20h30 : Dîner d’Etat au Palais royal. La cérémonie du thé est annulée. Trop de retard. On dit aussi que les princesses n’auraient pas eu le temps de changer de tenue entre le thé et le dîner. On passe donc directement à table. Echange de toasts « très complémentaires » entre François Hollande et Mohammed VI, dixit l’Elysée, où l’on se félicite de « la touche très personnelle » de l’allocution royale.
Le roi et le président dînent en famille. A la même table, à leurs côtés, la compagne de François Hollande, la femme du roi Lalla Salma, les deux sœurs et le frère de Mohammed VI. Le jeune prince héritier, Sidi Hassan, n’est pas du dîner. Dans l’après-midi, on l’a vu faire du shopping chez Gucci au Morocco Mall, le plus grand centre commercial du Maroc.
Au menu du dîner d’Etat, deux tagines, deux pastillas et un couscous. Jus de gingembre et lait d’amandes. De retour à l’hôtel, un ministre se tape le ventre. Et commande une bière.
Tapis rouge pour le président français. Casablanca, le 3 avril 2013.
Photo RFI / Florent Guignard |
Jeudi 4 avril, Rabat
11h45 : Discours devant le Parlement à Rabat. En attendant le président, l’ancienne ministre Elisabeth Guigou, née au Maroc, prend des photos de l’hémicycle. A Paris, il est question maintenant de comptes aux îles Caïmans de l’ancien trésorier de la campagne de François Hollande. Nouvelle claque au réveil. « On n’avait pas besoin de ça ». « Il faut un vent fort et un paquet de nerfs pour faire un bon marin », lâche le ministre des Transports, Frédéric Cuvillier. Depuis « le capitaine de pédalo » de Jean-Luc Mélenchon, la métaphore marine est très en vogue dans la politique française.

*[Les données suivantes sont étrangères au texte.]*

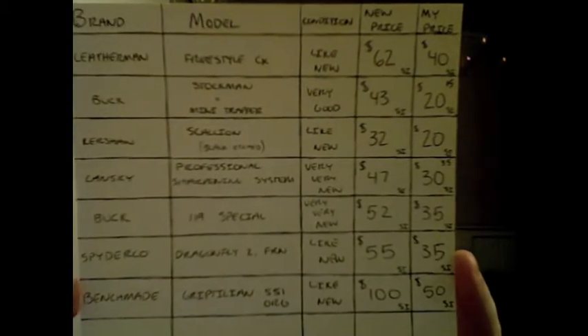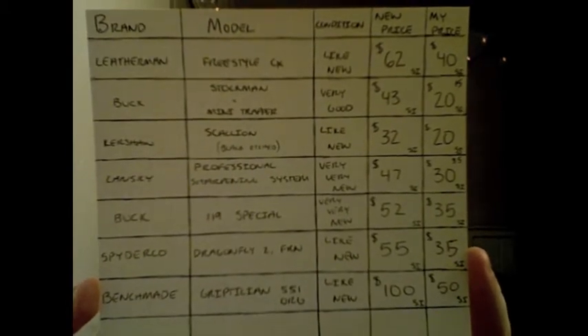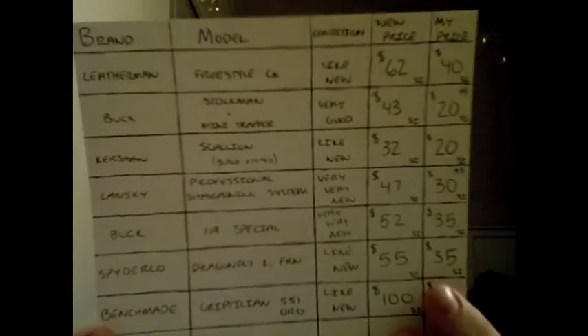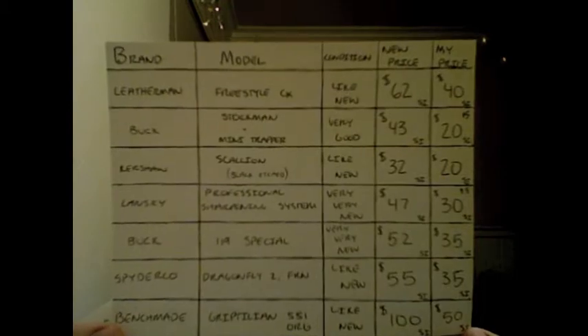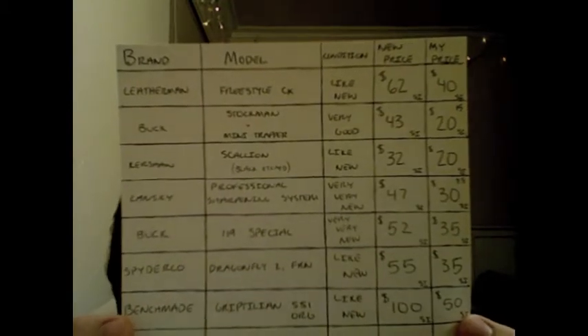So those are the knives for sale. SI, as you can see down here in the corner, stands for shipping included. So there are the prices. If you're interested, keep watching the video and I will tell you about the knives. Then after that, I will tell you the information. You guys already know the prices right now. If you're interested, stay tuned — I will tell you about them right now.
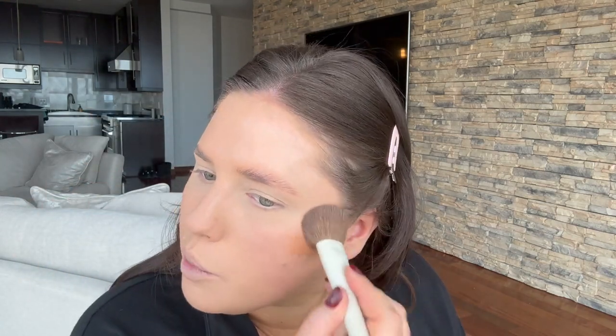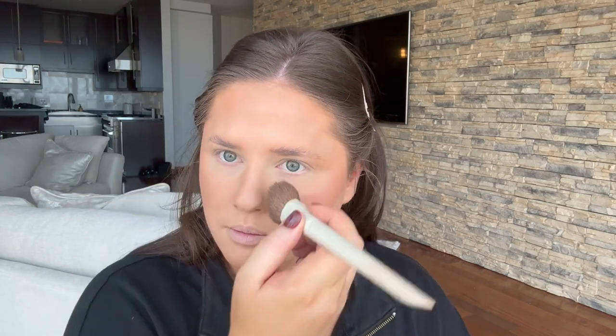Next is bronzer — I'm using the SAIE Cream Bronzer called Sun Melt in the shade Medium Bronze, with a brush from the Morphe Ariel brush set. I'm putting this on top of my cheekbones and not letting it go below, because that would drag my face down. With bronzer you want to hit the areas the sun would naturally hit if you were at the beach. I also take a tiny bit along the sides of my nose.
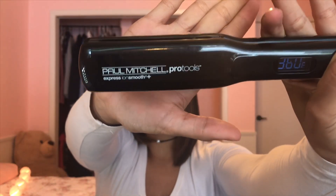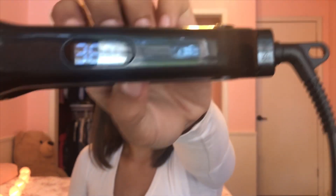The flat iron I'm using for the video is the Paul Mitchell flat iron. I recently just got it for Christmas a couple months ago. The setting I like to keep it on is 360. I like using this flat iron because it's a little bit wider, so you get bigger waves in your hair — it looks more natural and not too much like you're trying.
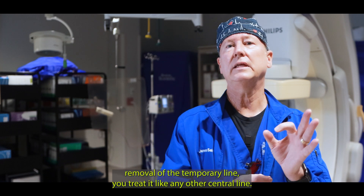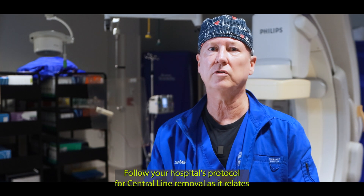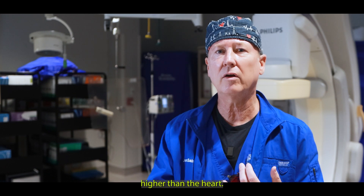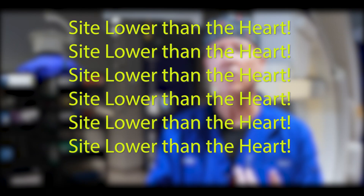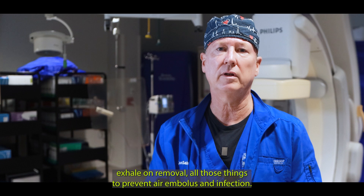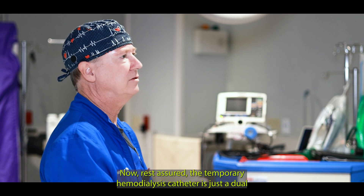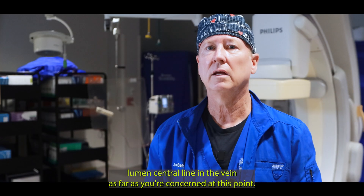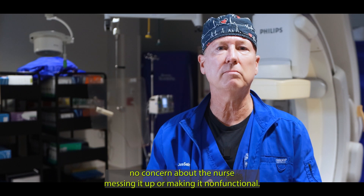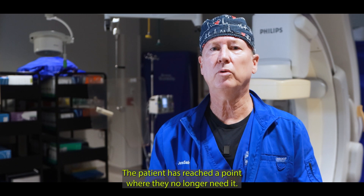When it comes time for removal of the temporary line, you treat it like any other central line. Follow your hospital's protocol for central line removal — cleaning it, preferably having the site higher than the heart, removing the suture, having the patient exhale on removal — all those things to prevent air embolism and infection. Rest assured the temporary hemodialysis catheter is just a dual lumen central line in the vein as far as you're concerned at this point. You have reached the point where there's no concern about the nurse messing it up or making it non-functional — you're removing it. The patient has reached a point where they no longer need it.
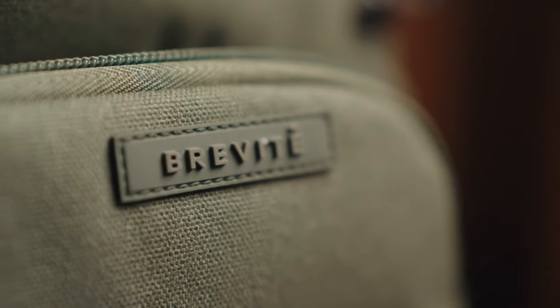I hope you guys enjoyed that short cinematic intro — thanks to my lovely girlfriend for helping me film that. But today we're going to be talking about this thing, which is the Brevity Jumper camera backpack.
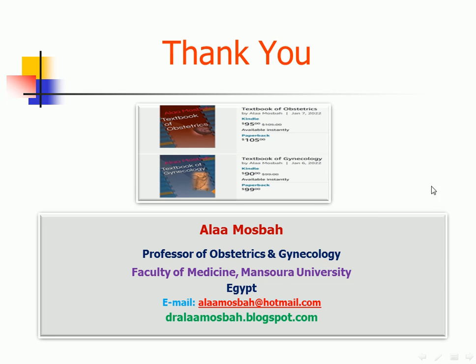Thank you. I wanted to remind you about my textbooks published on Amazon in January 2022 — Textbook of Obstetrics and Textbook of Gynecology. You can search for them.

Le capitaine arrive et prononce son discours devant les députés marocains. « Une amitié, ça s’entretient », dit-il. Il n’y pas d’amour, il n’y a que des preuves d’amour… François Hollande plaide devant un hémicycle plein et sage pour de nouveaux projets franco-marocains (la colocalisation en matière économique et des co-investissements en Afrique). Standing ovation pour Hollande lorsqu’il renouvelle le soutien de la France au plan marocain d’autonomie du Sahara occidental. Le président français salue « la volonté réformatrice du roi Mohamed VI ». Mais point trop n’en faut ; François Hollande supprime de son discours une phrase sur « le pluralisme politique et la liberté d’expression (qui) progressent ».
17h00 : Conférence de presse finale. Dispositif particulier pour cette conférence de presse. Trois questions pour la presse marocaine, trois autres pour la presse française. En Algérie, François Hollande avait été beaucoup plus bavard. Mais le contexte n’est pas le même. Les journalistes français s’intéressent moins au Sahara occidental qu’au séisme de l’affaire Cahuzac. A Paris, les spéculations vont bon train sur un remaniement. Il s’agit d’y mettre un terme. « Ce n’est pas le gouvernement qui est en cause », justifie François Hollande. Posture quasi chef de guerre : « Je suis le chef d’un pays qui ne peut pas accepter d’être humilié depuis des années. » La conférence de presse n’a duré qu’un quart d’heure.